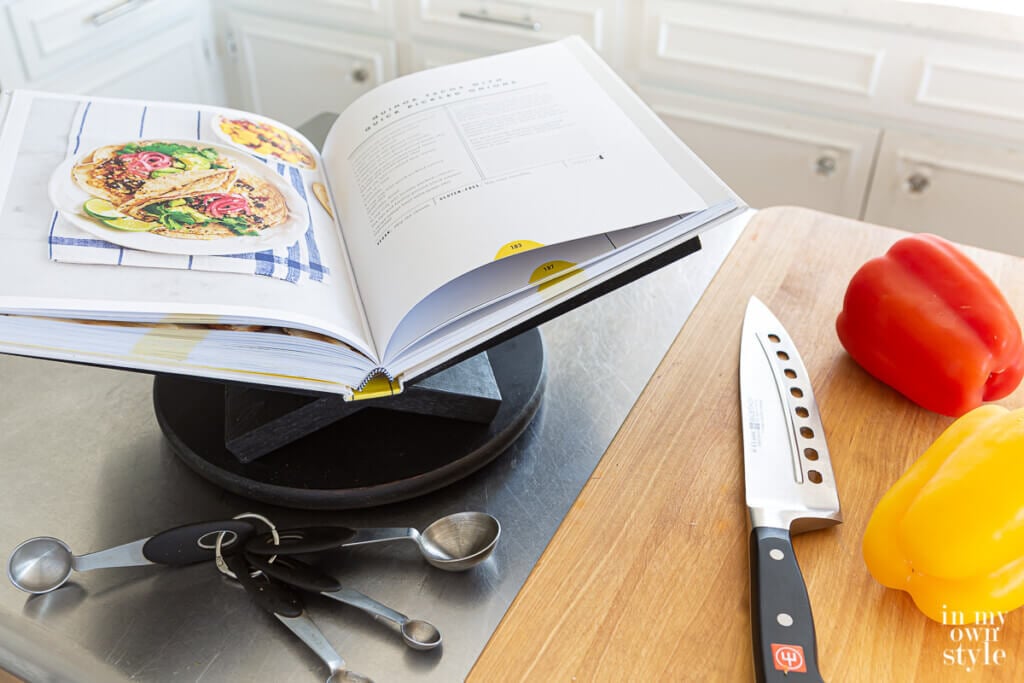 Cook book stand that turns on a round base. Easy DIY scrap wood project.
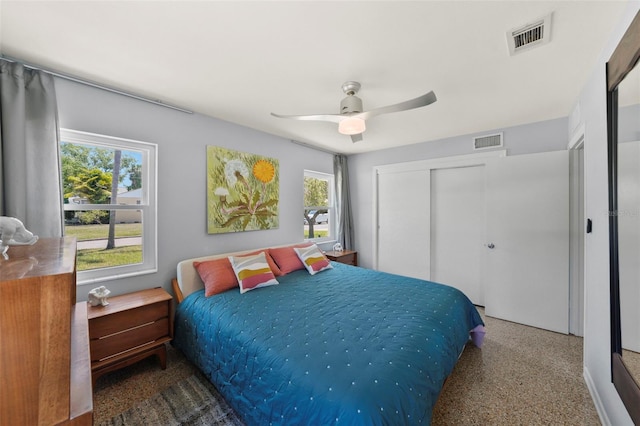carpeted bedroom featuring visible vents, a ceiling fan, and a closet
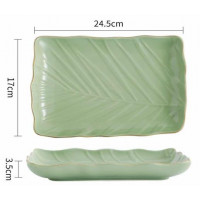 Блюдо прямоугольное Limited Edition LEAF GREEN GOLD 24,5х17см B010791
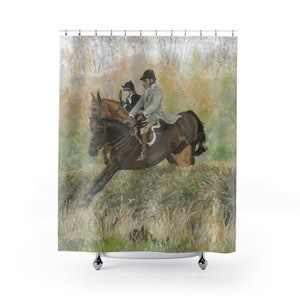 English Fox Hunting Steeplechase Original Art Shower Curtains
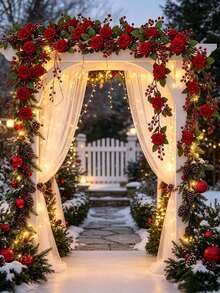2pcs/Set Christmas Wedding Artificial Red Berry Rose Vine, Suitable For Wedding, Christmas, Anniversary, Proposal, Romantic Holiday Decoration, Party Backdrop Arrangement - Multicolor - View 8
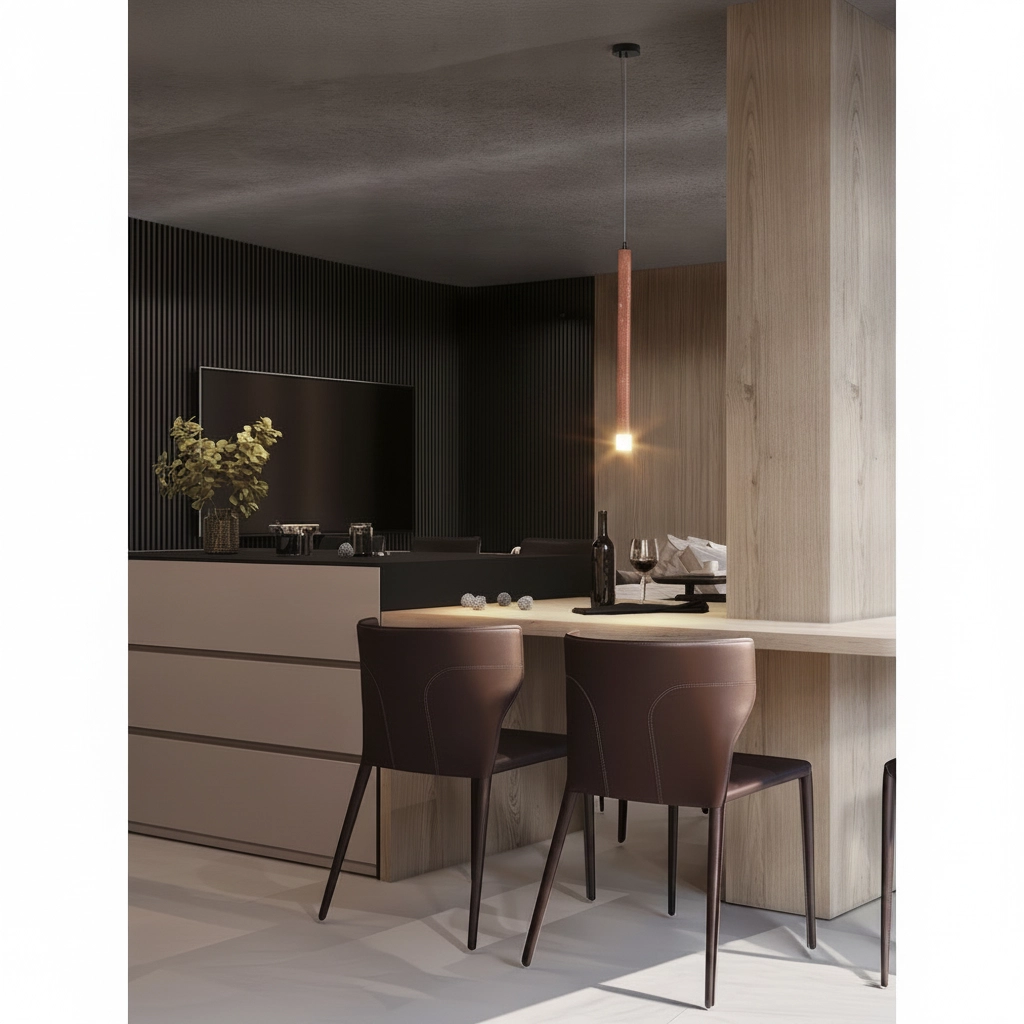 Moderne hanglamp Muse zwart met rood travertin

■ Exercise
Nothing but the lines from the line with "2pcs/Set Christmas Wedding" through the last line of the listing above should be repeated, and pictures should be left out.

■ Result
2pcs/Set Christmas Wedding Artificial Red Berry Rose Vine, Suitable For Wedding, Christmas, Anniversary, Proposal, Romantic Holiday Decoration, Party Backdrop Arrangement - Multicolor - View 8
 Moderne hanglamp Muse zwart met rood travertin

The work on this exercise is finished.